Let $A\in M_n(\Bbb R)$ prove that, $\|A^n\|\le \frac{n}{\ln 2}\|A\|^{n-1}$ when $\lambda_i<1.$
Solution 1:
Let $r=\|A\|$.We have to prove $\|A^n\|\le{n \over \ln2}r^{n-1}$.
Since we know $\|XY\|\le\|X\|.\|Y\|$ for any matrices $X,Y$ thus it's easy to see that $\|A^k\|\le\|A\|^k=r^k,k\in Z^+$.
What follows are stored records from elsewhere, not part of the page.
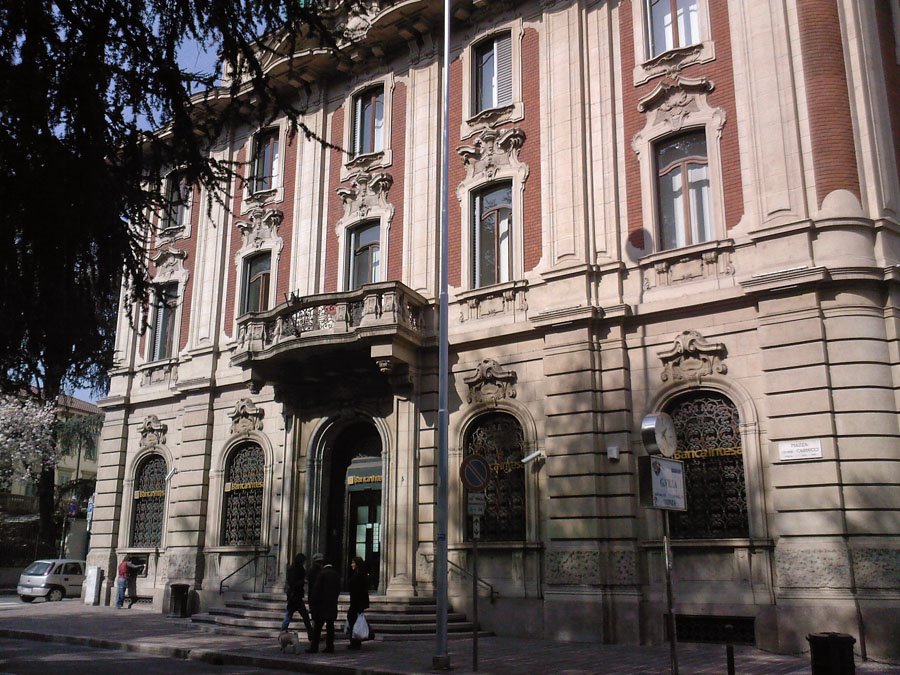 Transalpinos Bank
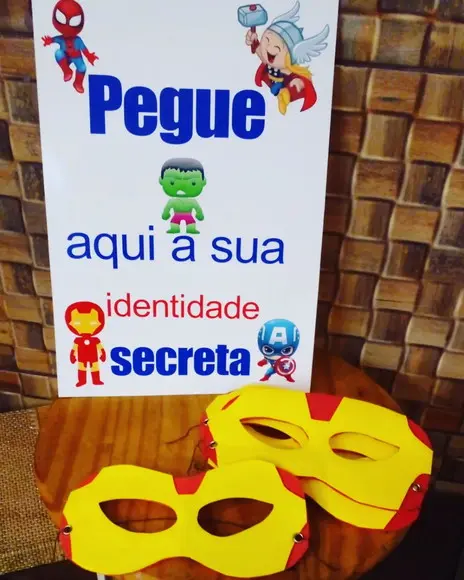 Kit com 20 Máscaras em Eva Heróis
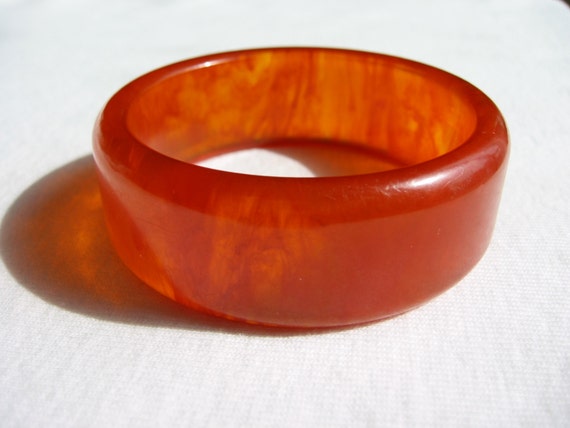 SALE translucent bakelite bracelet vintage orange… - image 4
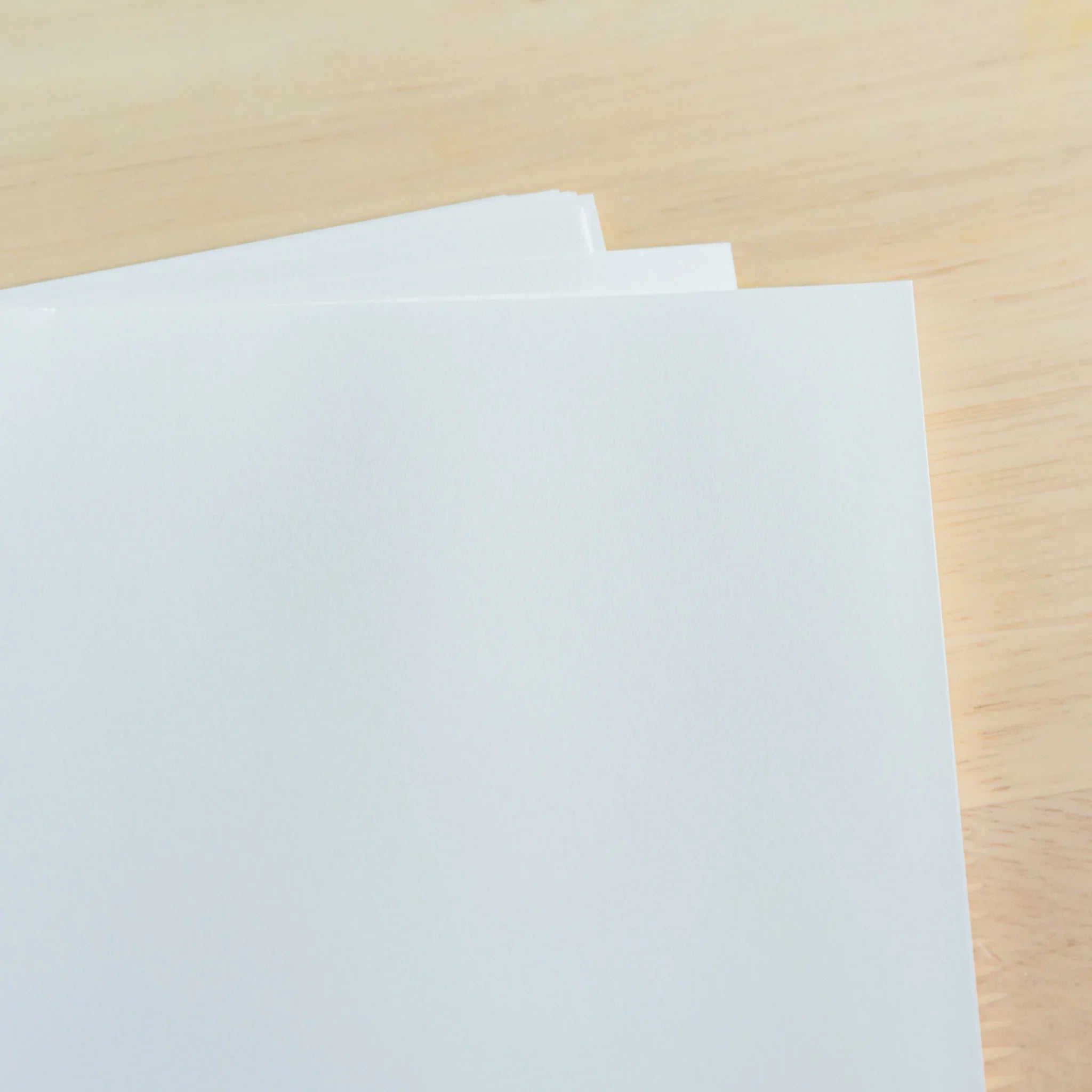 YU-SARI fountain pen paper white sheets stacked showing thickness and quality binding of Japanese loose leaf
Let $f(t)=(t-\lambda_1)(t-\lambda_2)\cdots(t-\lambda_n)=t^n+c_1t^{n-1}+\cdots+c_n $ be the characteristic polynomial of $A$. Using Vieta's formula we ob tain:
$$|c_k|=|\sum_{1\le i_1 \cdots\le i_k \le n} \lambda_1\cdots\lambda_k|\le\sum_{1\le i_1 \cdots\le i_k \le n} |\lambda_1\cdots\lambda_k| \le \binom {n} {k},1\le k \le n$$
Cayley-Hamilton theorem indicates that $f(A)=0$ , so: $$\|A^n\|=\|c_1A^{n-1}+\cdots+c_n\|\le \sum_{k=1}^{n}\binom {n} {k}\|A^k\|\le \sum_{k=1}^{n}\binom {n} {k}r^k=(1+r)^n-r^n$$
Combining this with the trivial estimate $\|A^n\|\le r^n$, so we get:
$$\|A^n\|\le \min(r^n,(1+r)^n-r^n).$$
Let $r_0={1 \over {2^{1 \over n}-1}}$ it is easy to check that two bounds are equal if $r_0=r$,moreever:
$$r_0={1 \over {e^{\ln2 \over n}}-1}< {n\over \ln2}$$
For $r\le r_0$ apply the trivial bound:
$$\|A^n\|\le r^n\le r_0.r^{n-1} \le {n\over \ln2} r^{n-1}$$
For $r>r_0$ we have :
$$\|A^n\|\le (1+r)^n-r^n=r^{n-1}.{{(1+r)^n-r^n}\over {r^{n-1}}}$$
Now the function $g(r)={{(1+r)^n-r^n}\over {r^{n-1}}}$ is decreasing because the numerator has degree $n-1$ and all coeffcients are positive, so:
$${{(1+r)^n-r^n}\over {r^{n-1}}} < {{(1+r_0)^n-{r_0}^n}\over {{r_0}^{n-1}}}=r_0((1+{1\over r_0})^n-1)=r_0 < {n \over \ln2}$$
so $\|A^n\|\le{n \over \ln2}r^{n-1}$.